- _What you have to do_
Starting at the line with "Fresh soil graded" and going on through the line with "MSI MAG Coreliquid", reproduce each line in the records below exactly and nothing more.

Entries shown: Begin

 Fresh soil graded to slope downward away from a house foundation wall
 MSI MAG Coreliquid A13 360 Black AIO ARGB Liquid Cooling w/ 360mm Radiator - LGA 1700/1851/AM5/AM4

Entries shown: End
Entries shown: Begin

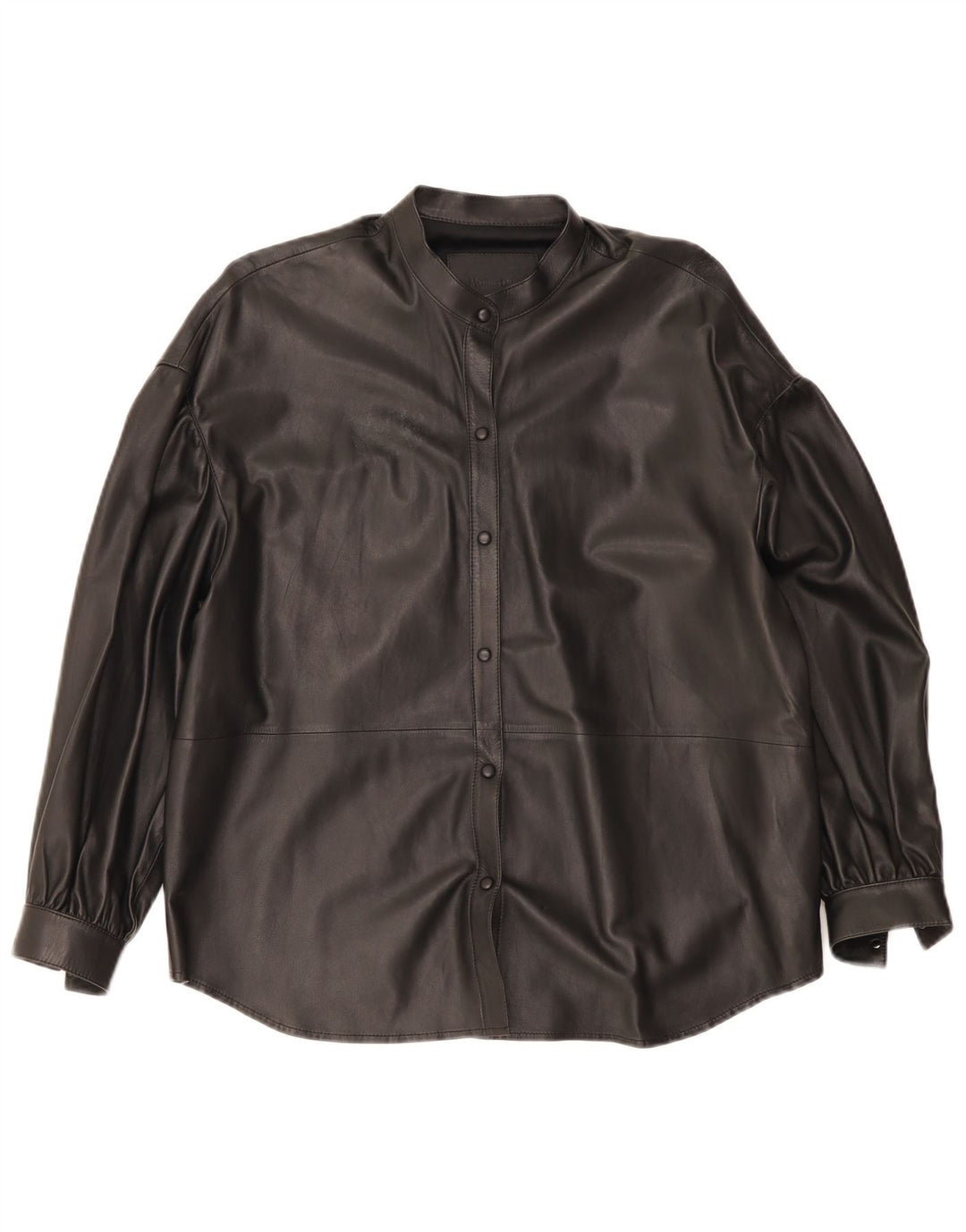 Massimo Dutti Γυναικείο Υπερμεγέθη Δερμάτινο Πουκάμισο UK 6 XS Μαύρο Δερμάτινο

Entries shown: End

- _Output_
 Fresh soil graded to slope downward away from a house foundation wall
 MSI MAG Coreliquid A13 360 Black AIO ARGB Liquid Cooling w/ 360mm Radiator - LGA 1700/1851/AM5/AM4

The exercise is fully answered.